Single by Makaveli featuring Danny Boy, K-Ci & JoJo, and Aaron Hall

from the album The Don Killuminati: The 7 Day Theory
- Released: September 26, 1996 October 12, 1996 (UK)
- Recorded: June 7, 1996
- Studio: Ameraycan (North Hollywood)
- Genre: Dirty rap, R&B
- Length: 5:06
- Label: Death Row; Makaveli; Interscope;
- Songwriters: Tupac Shakur, Aaron Hall, Danny Steward, Reggie "Devell" Moore, Cedric "K-Ci" Hailey, Joel "JoJo" Hailey, Teddy Riley
- Producers: Reggie "Devell" Moore; Demetrius Ship;

Makaveli singles chronology
| "I Ain't Mad at Cha" (1996) | "Toss It Up" (1996) | "To Live & Die in L.A." (1996) |

Danny Boy singles chronology
| "I Ain't Mad at Cha" (1996) | "Toss It Up" (1996) | "It’s Over Now" (1997) |

K-Ci and JoJo singles chronology
| "How Could You" (1996) | "Toss It Up" (1996) | "You Bring Me Up" (1997) |

Aaron Hall singles chronology
| "Scent of Attraction" (1996) | "Toss It Up" (1996) | "All the Places (I Will Kiss You)" (1998) |

Music video
- "Toss It Up" on YouTube

= Toss It Up =

1996 single by Makaveli

"Toss It Up" is a song by rapper Tupac Shakur from his fifth studio album, The Don Killuminati: The 7 Day Theory (1996). Released under the stage name Makaveli, the song served as the lead single to the posthumous album. It was first released in the United States just under two weeks after his death, peaking at number thirty-three on the R&B singles chart. The song is known for including a diss toward Dr. Dre and instrumentally being very similar to the production on the song "No Diggity". It features vocals and singing from Aaron Hall, Danny Boy, and K-Ci & JoJo.
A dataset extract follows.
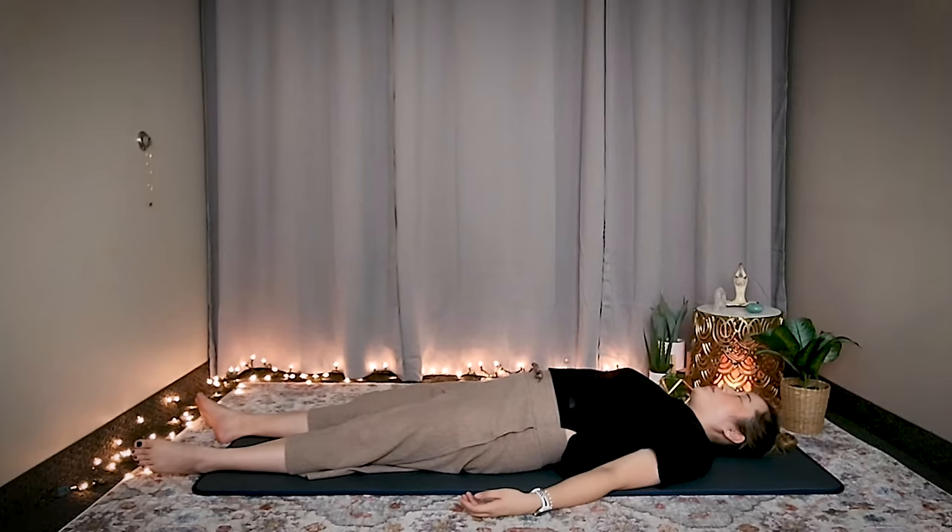Great job. Now, number nine — start. You're doing great, keep going. Focus on the stimulation, the feeling, the vibration, the warmth, the coldness. These are all energy sensations.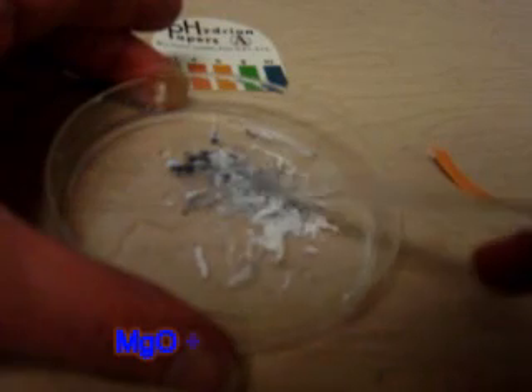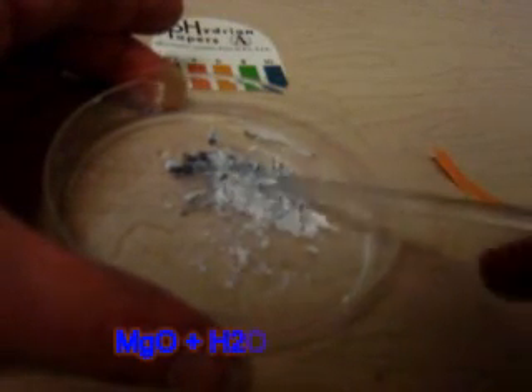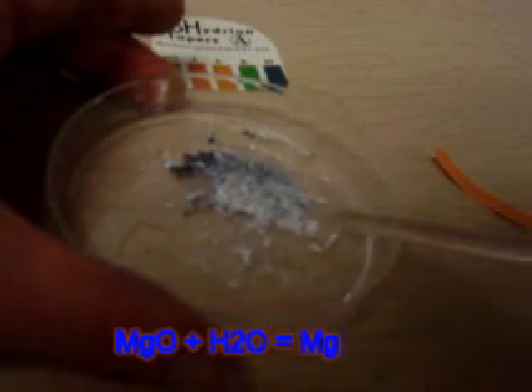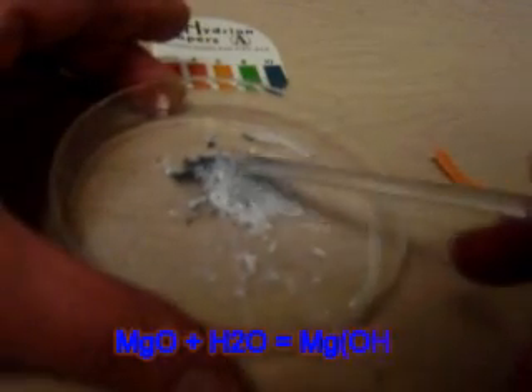And I'm going to add water to it. This in itself is a chemical reaction — Magnesium Oxide plus H2O water will give me a new formula, a new compound which is Magnesium Hydroxide. And how do we prove that?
The single release altered slightly to the version found on the album. The album version was later included on Shakur's 1998 compilation Greatest Hits with a new mix and alternative lyrics.

==Controversy==
The original version of the song shared close similarities to Blackstreet's "No Diggity". Due to that, Teddy Riley sent a cease and desist order which forced them to reproduce the song. A new verse, dissing Dr. Dre, was also recorded for the new version.

==Music video==

The official music video for "Toss It Up" was directed by American director Lionel C. Martin. The video, set inside a garage, features Shakur wearing safety goggles and using a blow torch and baseball bat. It was reportedly shot on the evening of September 6, 1996, making it the last music video Shakur shot in his lifetime. Singer Aaron Hall does not make an appearance in the video.

==Versions==
- Album version:
The only version to feature the "album vibe" introduction.
- Single version:
With "needle drop" introduction by 2Pac, entirely different mix, and less, "Boom!", backing vocals throughout.
- Radio Edit:
2Pac’s outro disses are removed, instead the backing vocals are the focus.
- Video Version
Features additional outro vocals by KC instead of the outro disses by 2Pac.
- Greatest Hits version:
An entirely new mix of the album version, minus the "album vibe" intro, and features some altered lyrics.
- Original early mix produced by Dr. Dre.
Officially unreleased, though leaked, this version doesn't include the final, Dre diss verse.
- Nu-Mixx version:
A remix by the Tha Row Hitters found on the 2003 compilation album, Nu-Mixx Klazzics.

==Charts==
===Weekly charts===

Weekly chart performance for "Toss It Up"
| Chart (1996–1997) | Peak position |
|---|---|
| Australia (ARIA) | 39 |
| New Zealand (Recorded Music NZ) | 7 |
| UK Hip Hop/R&B (Official Charts) | 4 |
| UK Singles (Official Charts) | 15 |
| US R&B/Hip-Hop Airplay (Billboard) | 34 |

===Year-end charts===

Year-end chart performance for "Toss It Up"
| Chart (1997) | Position |
|---|---|
| New Zealand (Recorded Music NZ) | 42 |

==Certifications==

| Region | Certification | Certified units/sales |
| New Zealand (RMNZ) | Gold | 5,000^{*} |
^{*} Sales figures based on certification alone.